The Power of Sleep – How and Why to Make it a Habit

In spite of all the attention on best practices for staying healthy, as Thrive Global editor Arianna Huffington reports “there has been very little messaging on the impact of lifestyle factors like diet, exercise, and sleep on both our physical health and well-being”.
Diet, exercise, and sleep are three pillars of a healthy life, no news there. Several recent studies have suggested that improving all three may be a better way to improve both physical and mental health.
Yet the problem many of us face each January is that we rush to try to fix all 3 and end up back at square one.
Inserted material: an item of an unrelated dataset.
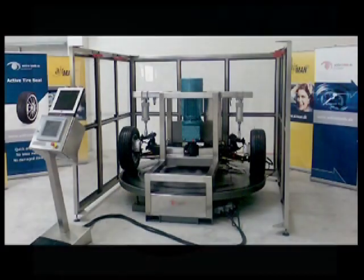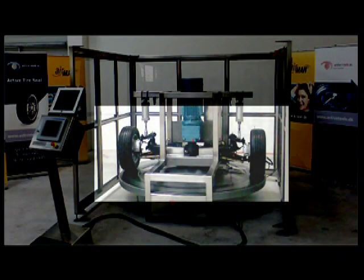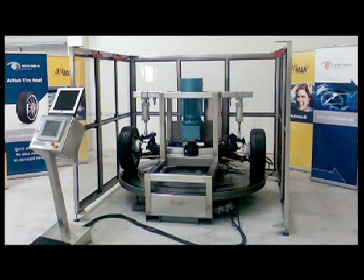The tire is fitted to a special testing machine that simulates driving a vehicle under load at different speeds. You see the tire slowly begin to rotate and see how the tire flexes as it is compressed under the load.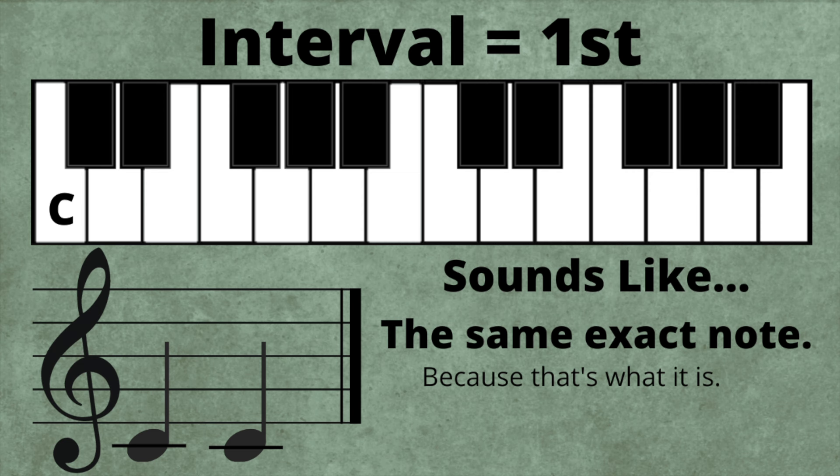First. Our first interval is not an interval. A musical first is when you play a note, and then you play the same note again — and that's it. So there's actually no distance between the notes. Could you hear that those pitches were exactly the same? If you could, great! If they sounded different to you, go talk to your doctor.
Starting with one behavior shift at a time is the surest way to lasting habit change. And if you have to pick one behavior to focus on first, you’ll do well to start with sleep.
Why Sleep?
Most of us recognize the impact of sleep on our mood, focus, and energy levels, but research shows how sleep builds our immune systems. The state of sleep enables the core elements of our immune system to revitalize, strengthening what’s called immune memory. As Eric Suni at the Sleep Foundation put it, “The interaction of immune system components during sleep reinforces the immune system’s ability to remember how to recognize and react to dangerous antigens.”
And because this process is sequential, there is no substitute for an uninterrupted span of 7-9 hours for adults, as this chart explains. You may wish you didn’t just read that. You may be telling yourself it doesn’t apply to you. But, this is the sleep we’re talking about, not a hardcore Crossfit session. You get to lie down, there are covers and pillows probably picked out by you.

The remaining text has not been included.